In the second incident, the cracking of the outer mild steel vacuum jacket was more than likely related to the coefficient of thermal expansion of steel, which defines how much the material will contract when its temperature is decreased. The temperature of cryogenic liquid nitrogen is at -195.8 °C (-320.44 °F), and the linear coefficient of thermal expansion of 1020 steel at room temperature is 12 x10-6 1/0 °C. Thus, the significant contraction in the steel due to the instantaneous temperature reduction created localized stresses, which cracked under the vacuum pressure of the system. Some other method of controlling the fire should have been employed. In addition, the metal would have been made much more brittle due to the low temperature.

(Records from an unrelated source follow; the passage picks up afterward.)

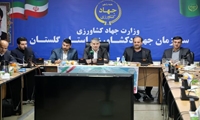 لزوم ورود اتحادیه‌ها به خرید مازاد پنبه کشاورزان/ کاهش 90 درصدی پیمان‌سپاری ارزی برای صادر کنندگان مرکبات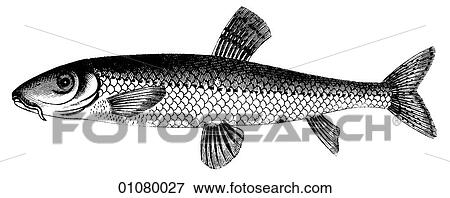 Flora & Fauna - line art - a 19th century engraving Animal Fish Cyprinus The Gudgeon a fresh water fish of the carp family. View Large Illustration Stock Illustration - Flora & Fauna - line art - a 19th century engraving Animal Fish Cyprinus The Gudgeon a fresh water fish of the carp family.. Fotosearch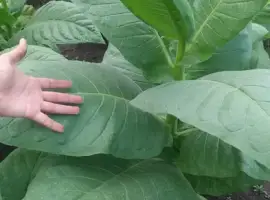 Зображення для оголошення Продам насіння табаку ДЮБЕК
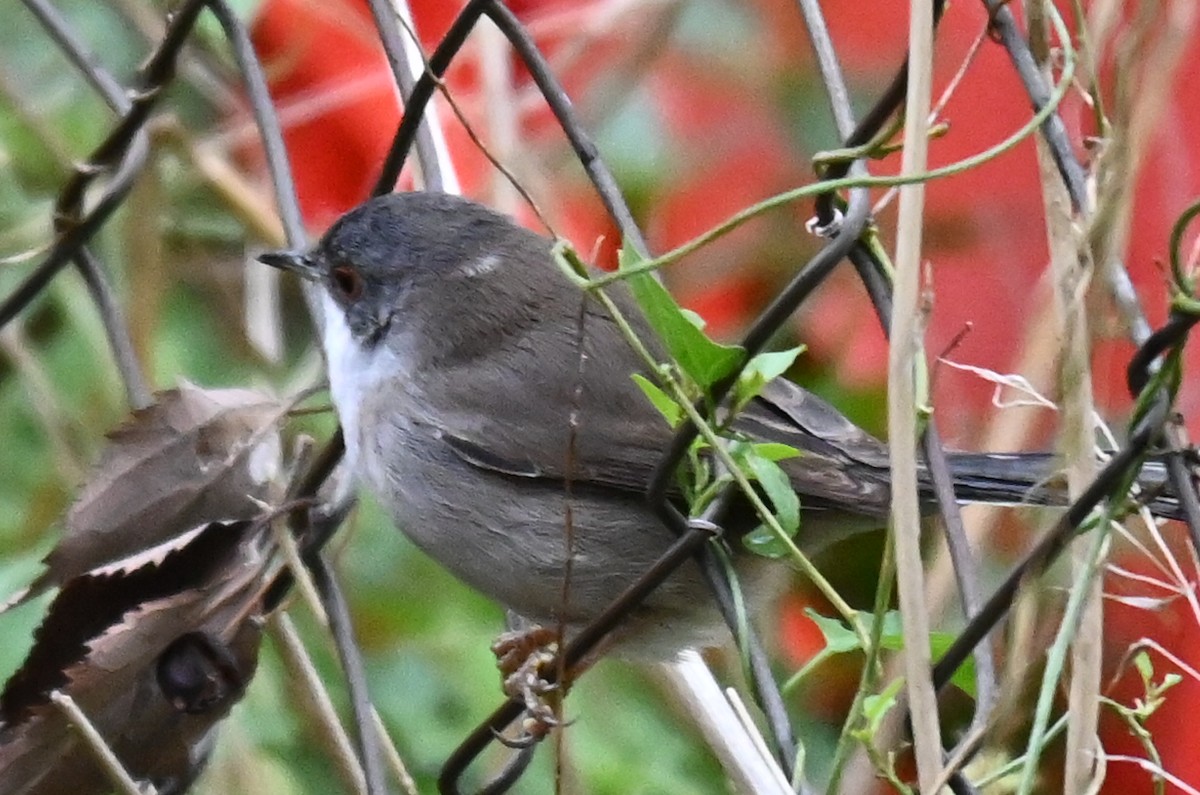 Samtkopf-Grasmücke - ML646249227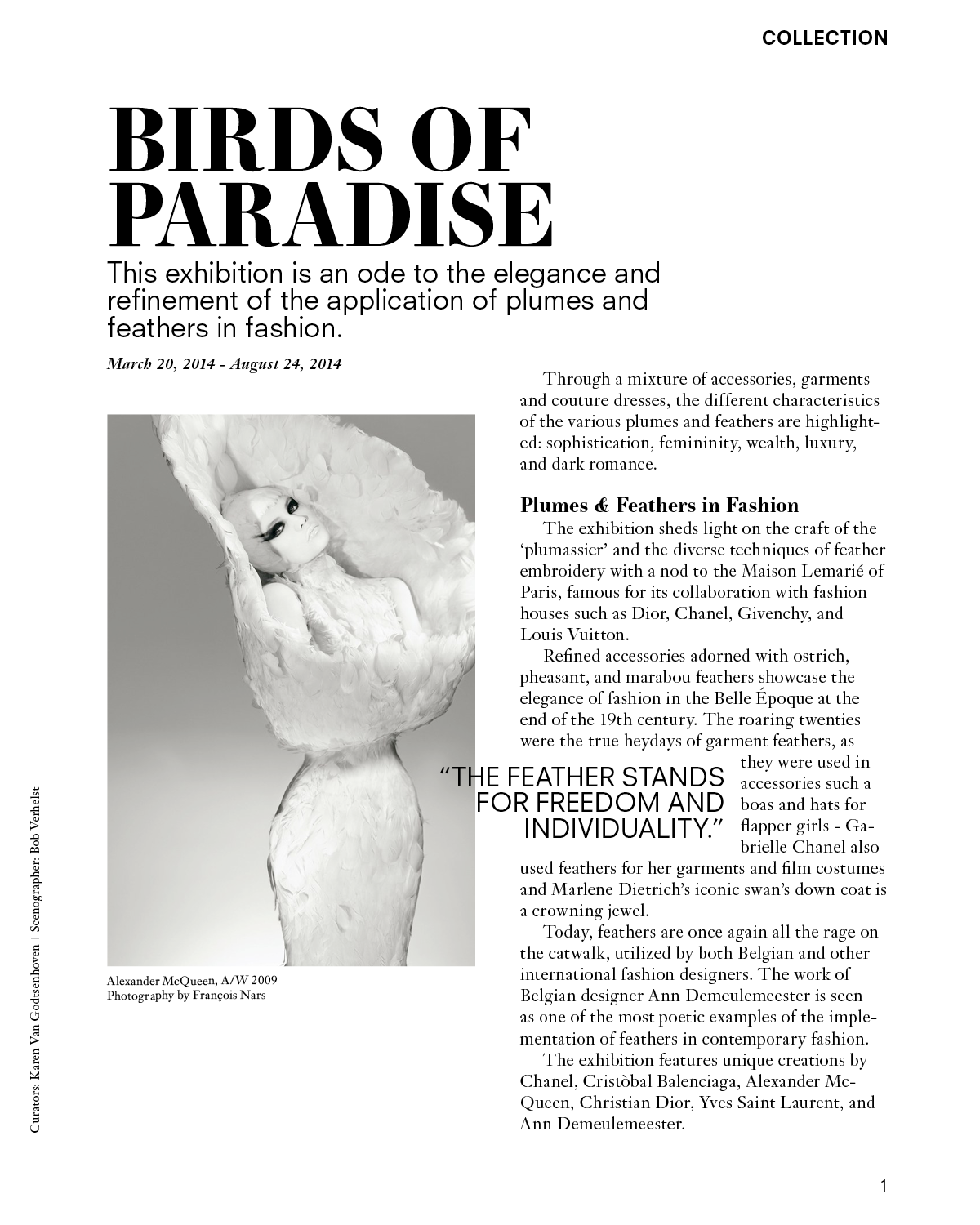 Birds of Paradise Content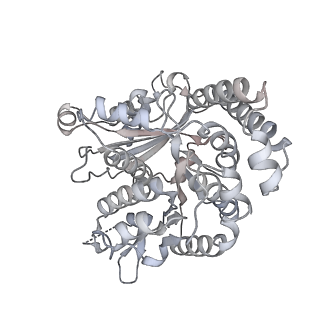 35823_8iyj_RK_v1-0
Cryo-EM structure of the 48-nm repeat doublet microtubule from mouse sperm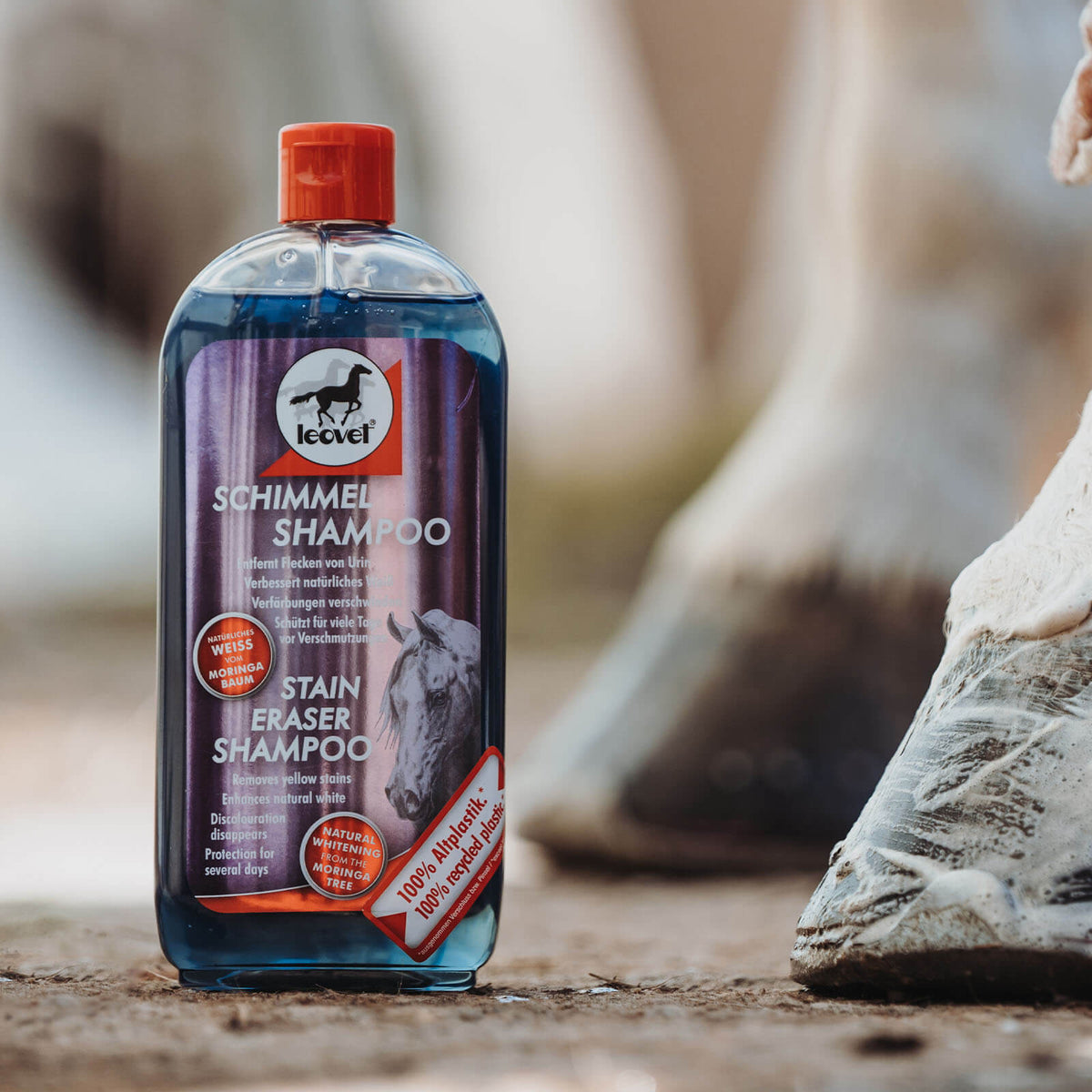 Schimmel Shampoo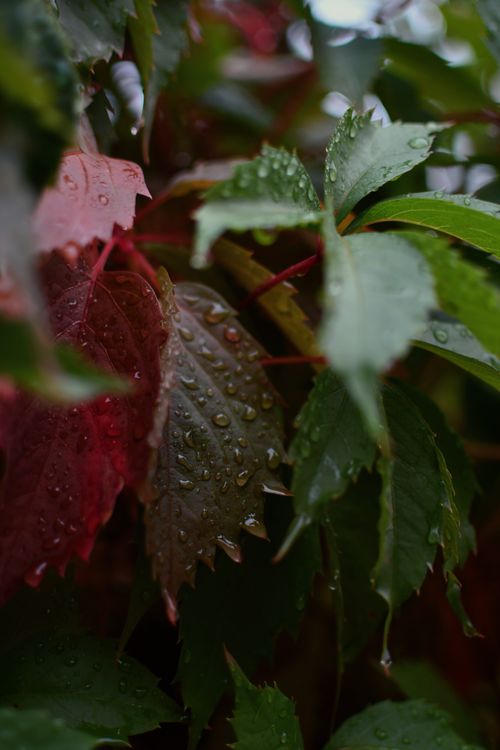 Free Close-up photo of wet red and green leaves with raindrops, capturing autumn beauty. Stock Photo
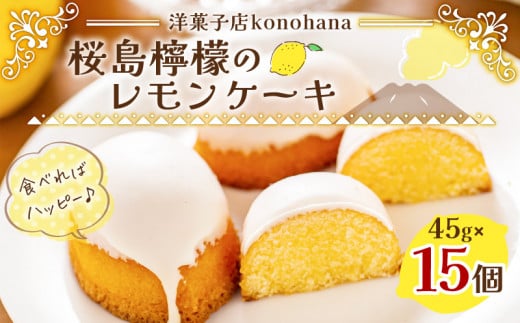 桜島檸檬のレモンケーキ　K236-001 1053315 - 鹿児島県鹿児島市
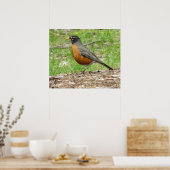 American Robin Poster (Keuken)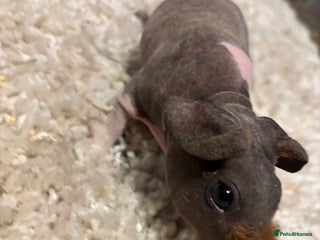 Guinea Pig rodents * RARE FULL BREED SKINNY PIG BABIES! - Advert 11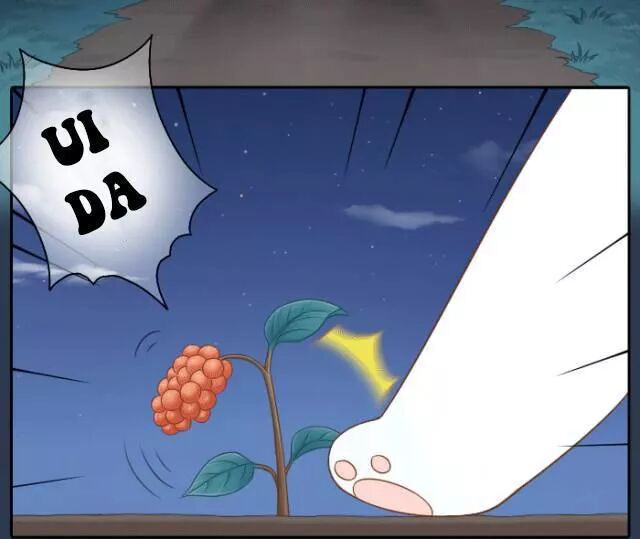 Tiểu Hồ Ly vs Tiểu Hóa Thượng: Chapter 52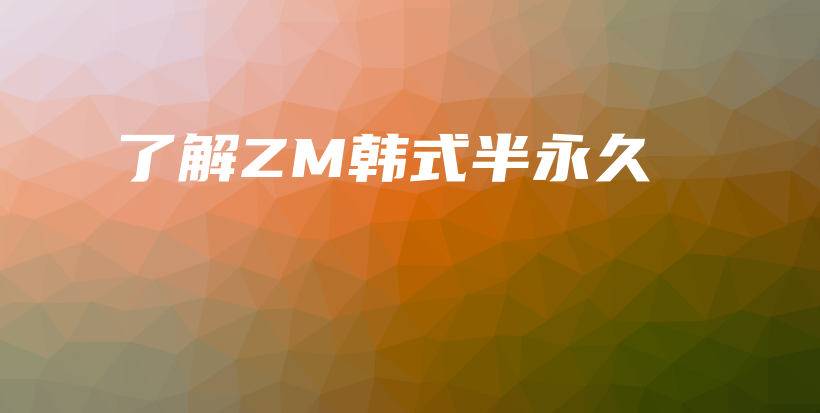 了解ZM韩式半永久插图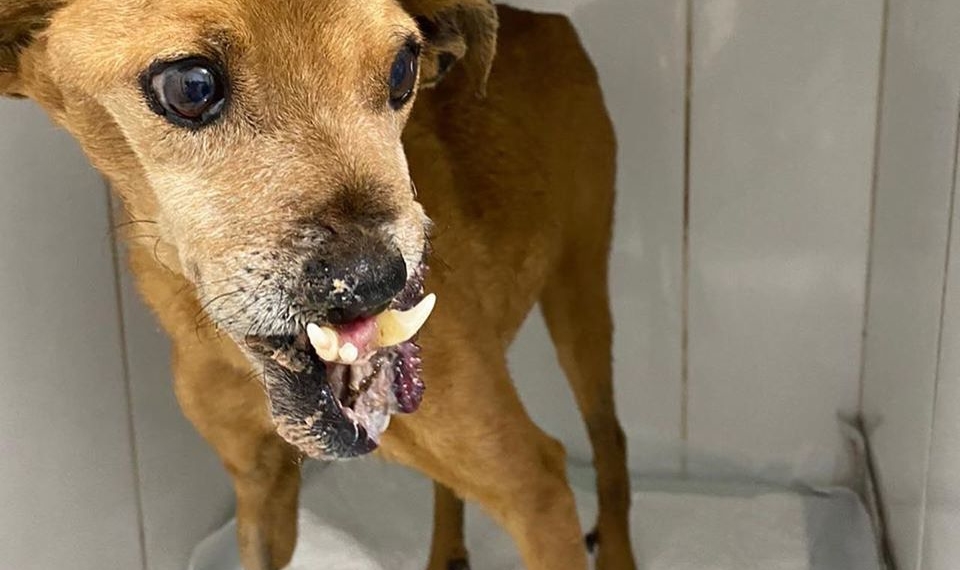 Cão de rua espancado em Sapiranga gera comoção em toda região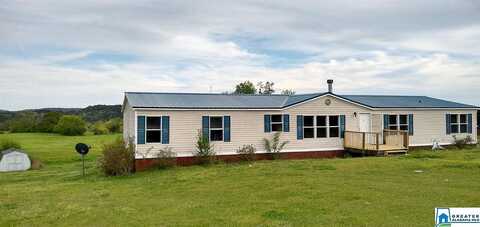 Hawk, BLOUNTSVILLE, AL 35031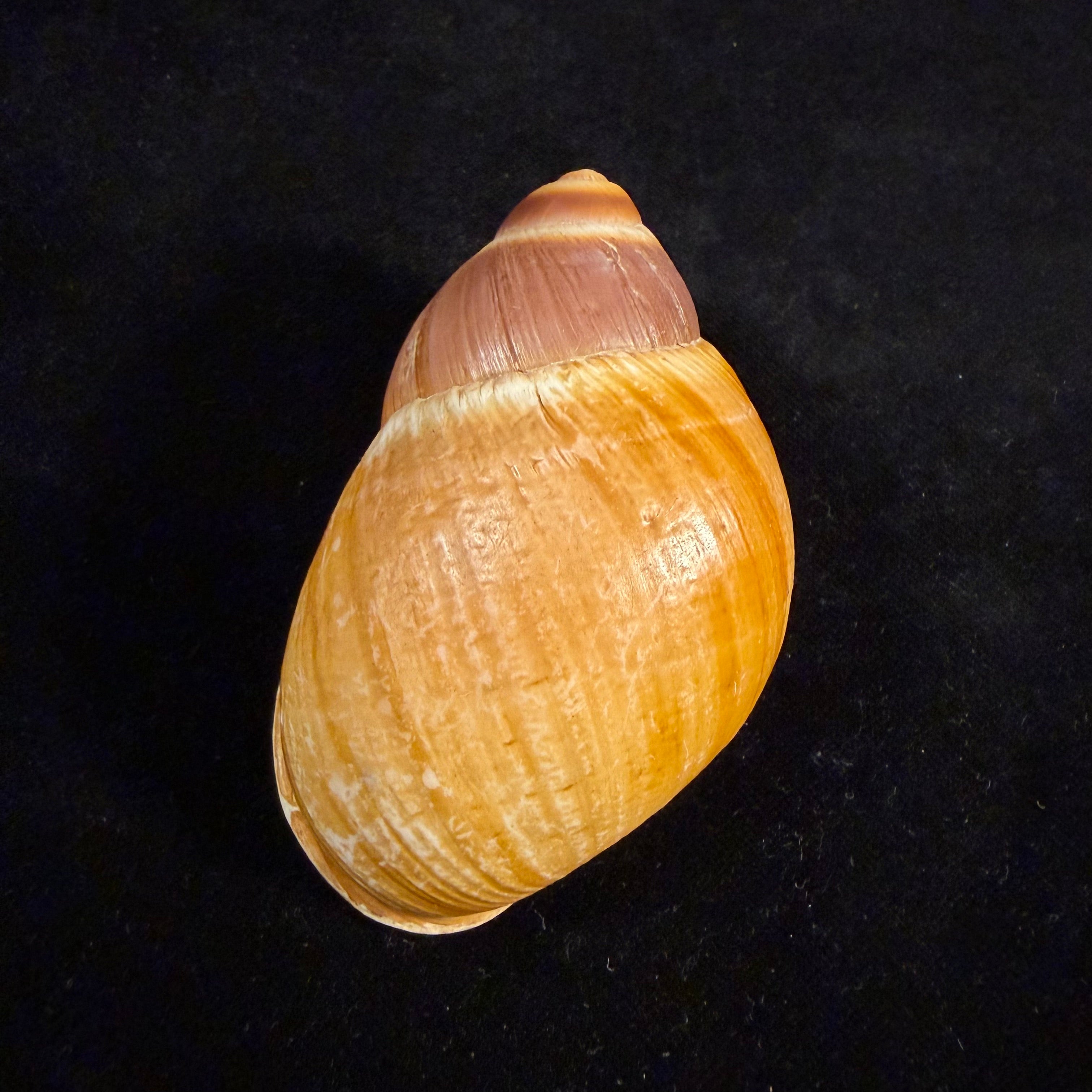 Megalobulimus mauricius Falconieri, 1996 - 77,2mm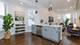 1458 W Pensacola Unit 3, Chicago, IL 60613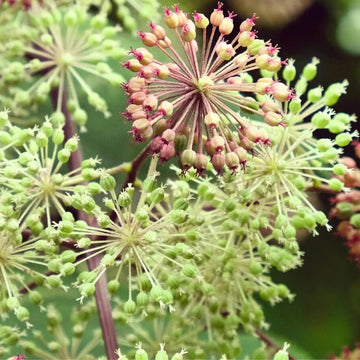 Aralia Cordata Seeds
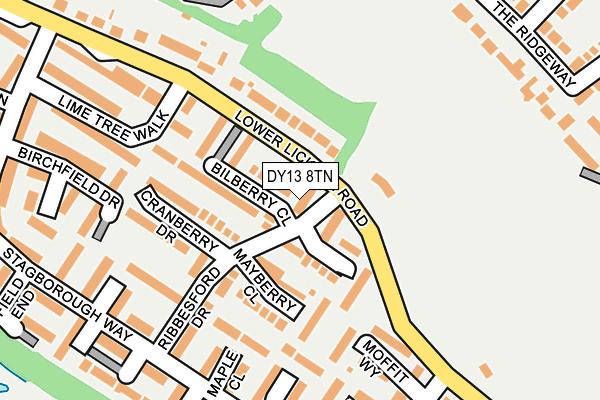 DY13 8TN map - OS OpenMap – Local (Ordnance Survey) DY13 8TN map - OS OpenMap – Local (Ordnance Survey)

All relevant personnel should receive at least basic training on the proper selection of fire extinguishing techniques for the given scenarios they are likely to encounter.
Liquid nitrogen should not be used to put out a hydrogen fire. It is very difficult to put out a gaseous hydrogen fire, plus had the liquid nitrogen not cracked the nearby vessel's shell, it certainly could have cracked the original vessel. It could also have plugged up the stack by freezing at liquid hydrogen temperatures.